Fidyah, adalah tebusan/ kewajiban bayar hutang, bagi mereka yang memiliki hutang puasa dibulan Ramadhan. Disini seperti yang diketahui jika ada muslim yang tidak melaksananakan puasa karena sakit, dan halangan lainnya maka bisa menggantinya dengan cara membayarkan fidyahnya. Adapun fidyah itu berupa memberikan makan dan minum senilai satu hari(3x) kepada orang lain. Jika punya hutang puasa 7 hari dikalikan 3= 21x harga makan minum.
Untuk nilai disesuaikan kemampuan yang bersangkutan.Misalnya si fulan selama bulan puasa yang lalu ada hutang puasa 10 hari, dan selama masa 1 tahun sebelum ramadan yang akan datang tiba, dia tidak bisa mengganti puasanya dengan ibadah puasa lahir karena halangan lain-lain.
Maka cara penghitungannya untuk membayar hutang dengan cara ke 2 yaitu bayar fidyah senilai @10.000×3=30.000. Hutang si fulan total jika dibayarkan cara fidyah adalah= 30.000×10 hari, maka jumlah fidyahnya fulan 300.000.
Hal tersebut bisa dibagikan kepada yatim -piatu, duafa, janda, fakir miskin atau orang yang membutuhkan.
Jika fidyah terlunasi maka lepaslah/gugur kewajiban orang tersebut terhadap hutangnya dipuasa ramadhan lalu, sehingga bisa menjalankan Puasa Ramadhan yang akan datang.
Kembali untuk mengambil ibrah dari hikmah fidyah yang diingatkan Allah SWT, melalui pesan SMS WA yang diterima penulis tersebut agar kaum beriman berusaha membereskan urusan hablum minallah (semoga ini bisa menjadi hidayah bagi kita) sebelum bulan sya’ban mengucapkan god bay dan ramadhan menunggu dengan ucapan welcome.
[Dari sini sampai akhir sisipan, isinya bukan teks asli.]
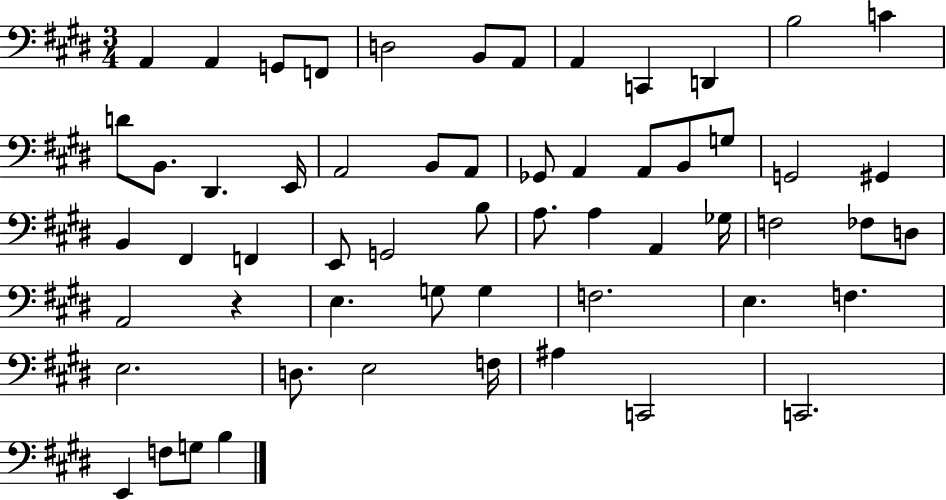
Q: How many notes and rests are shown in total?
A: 58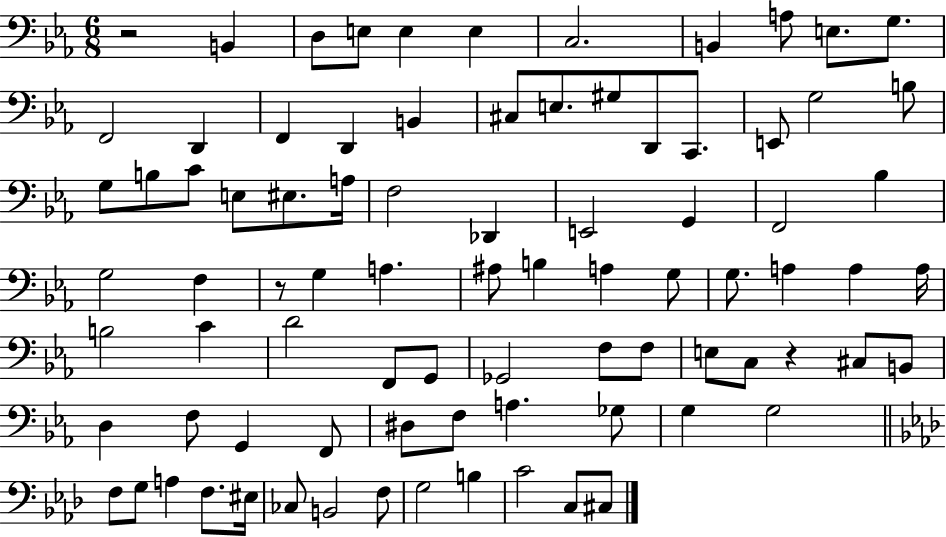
{
  \clef bass
  \numericTimeSignature
  \time 6/8
  \key ees \major
  r2 b,4 | d8 e8 e4 e4 | c2. | b,4 a8 e8. g8. | \break f,2 d,4 | f,4 d,4 b,4 | cis8 e8. gis8 d,8 c,8. | e,8 g2 b8 | \break g8 b8 c'8 e8 eis8. a16 | f2 des,4 | e,2 g,4 | f,2 bes4 | \break g2 f4 | r8 g4 a4. | ais8 b4 a4 g8 | g8. a4 a4 a16 | \break b2 c'4 | d'2 f,8 g,8 | ges,2 f8 f8 | e8 c8 r4 cis8 b,8 | \break d4 f8 g,4 f,8 | dis8 f8 a4. ges8 | g4 g2 | \bar "||" \break \key aes \major f8 g8 a4 f8. eis16 | ces8 b,2 f8 | g2 b4 | c'2 c8 cis8 | \break \bar "|."
}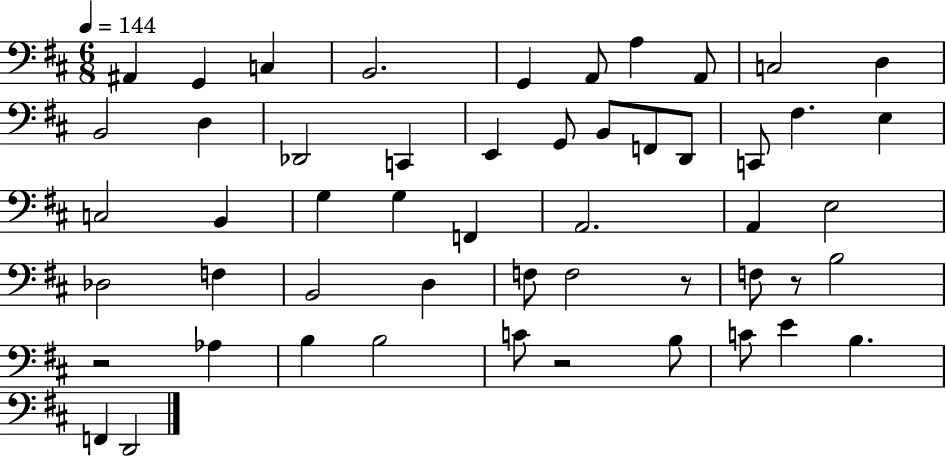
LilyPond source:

{
  \clef bass
  \numericTimeSignature
  \time 6/8
  \key d \major
  \tempo 4 = 144
  ais,4 g,4 c4 | b,2. | g,4 a,8 a4 a,8 | c2 d4 | \break b,2 d4 | des,2 c,4 | e,4 g,8 b,8 f,8 d,8 | c,8 fis4. e4 | \break c2 b,4 | g4 g4 f,4 | a,2. | a,4 e2 | \break des2 f4 | b,2 d4 | f8 f2 r8 | f8 r8 b2 | \break r2 aes4 | b4 b2 | c'8 r2 b8 | c'8 e'4 b4. | \break f,4 d,2 | \bar "|."
}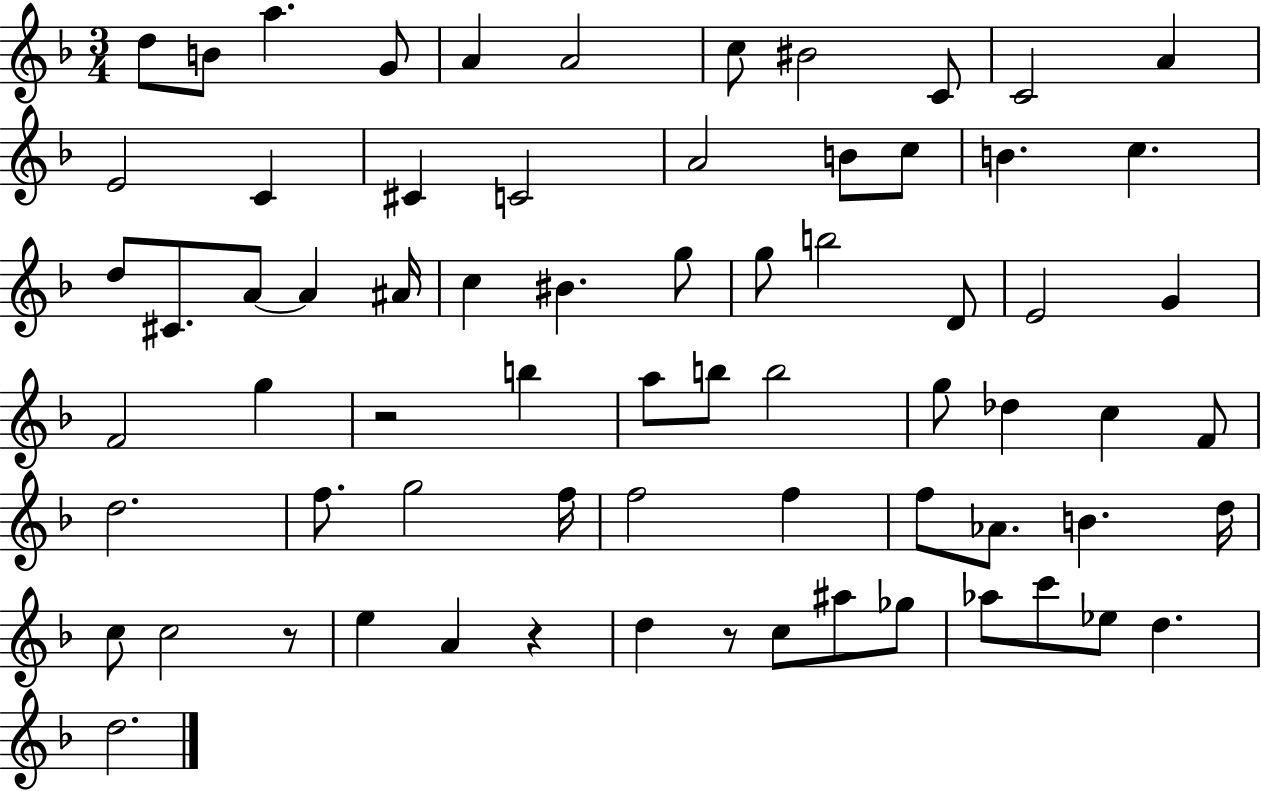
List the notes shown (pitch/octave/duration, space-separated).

D5/e B4/e A5/q. G4/e A4/q A4/h C5/e BIS4/h C4/e C4/h A4/q E4/h C4/q C#4/q C4/h A4/h B4/e C5/e B4/q. C5/q. D5/e C#4/e. A4/e A4/q A#4/s C5/q BIS4/q. G5/e G5/e B5/h D4/e E4/h G4/q F4/h G5/q R/h B5/q A5/e B5/e B5/h G5/e Db5/q C5/q F4/e D5/h. F5/e. G5/h F5/s F5/h F5/q F5/e Ab4/e. B4/q. D5/s C5/e C5/h R/e E5/q A4/q R/q D5/q R/e C5/e A#5/e Gb5/e Ab5/e C6/e Eb5/e D5/q. D5/h.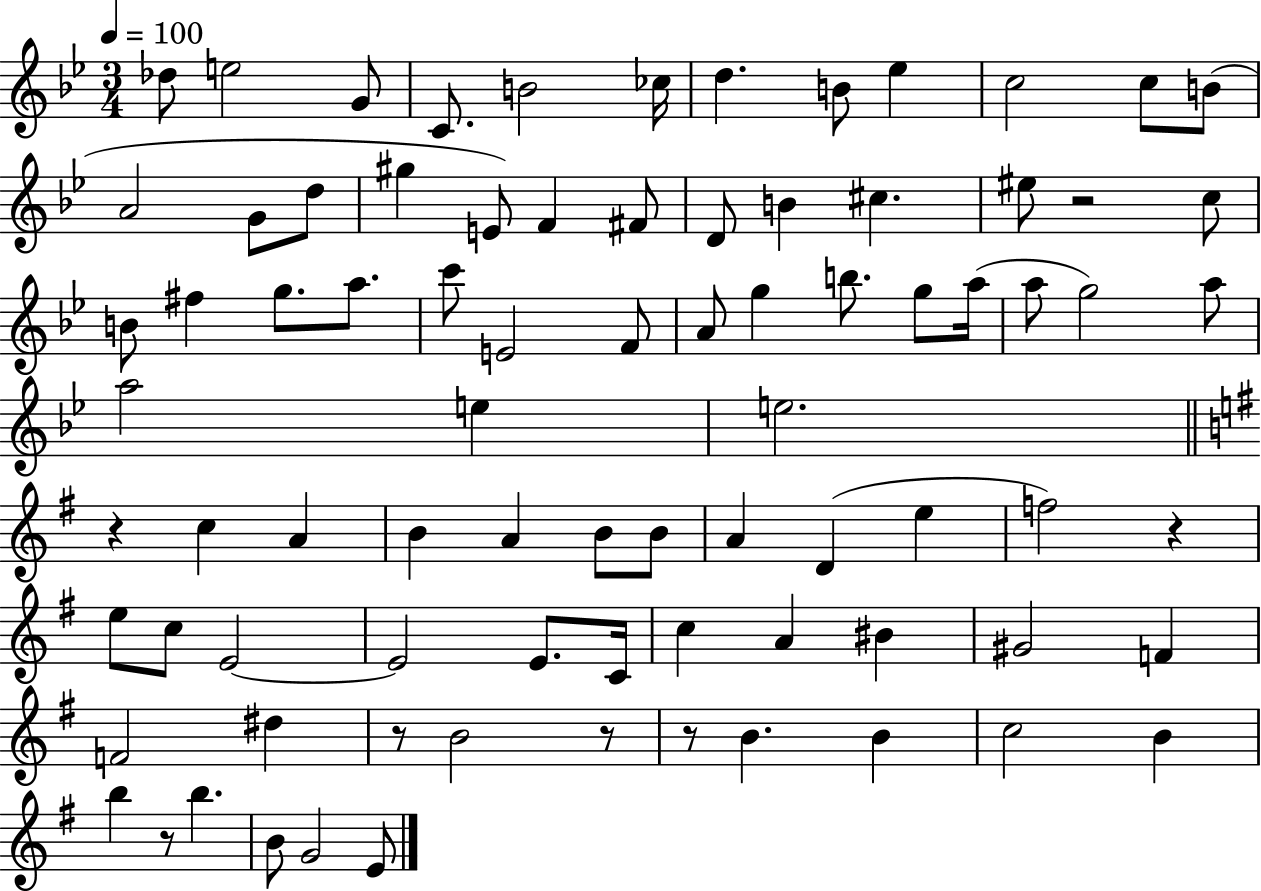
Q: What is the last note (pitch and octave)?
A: E4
Mari bersegera benahi diri,lunasi hutang puasa kita atau juga lunasi hutang apapun pada sesama terutama juga masalah hutang janji, yang pasti akan terbawa sampai dunia kekal/akhirat nanti.
Jangan terpeleset keneraka dengan akibat sengsara yang kekal selamanya, tidak ada satu cara apapun bisa menebusnya.
Fidyah pasutri hamba Allah inisial A-A tersebut disalurkan pada santri di batuan sukawati, seniman lukis batuan, santri dan warga KSB Munggu Badung.
Alhamdulillah nasi bungkusnya enak, isinya nasi pulen, mie goreng,kering tempe, sambal bajak, ayam goreng, rendang hati sapi. Yang khas masakan melayu, kaya rempah.
Semua penerima fidyah dihari Jumat Berkah tersebut mengucap syukur, berterimakasih dan mendoakan kepada pasutri hamba Allah A-A yang telah memberikan rejekinya senantiasa diterima amal pahala sedekah, juga dilancarkan rejeki, urusan dunia akhiratnya, keluasan dan kedalaman cinta kasih bagi sesama.
Mengisi bulan Sya’ban dengan tingkatkan ibadah fardu dan sunah, perbanyak zikir, shalawat dan tilawah, tebarkan sedekah dan infaq semampu dan ikhlasnya, jelang masuki ramadhan digerbang magfirah dengan bergiat dan bersaing amar makruf nahi munkar, nilai ibadah semata karena Allah .
(Muhasabah, Ibrah, Hikmah Inshaa Allah Bismillah Ambarwati Soenarko).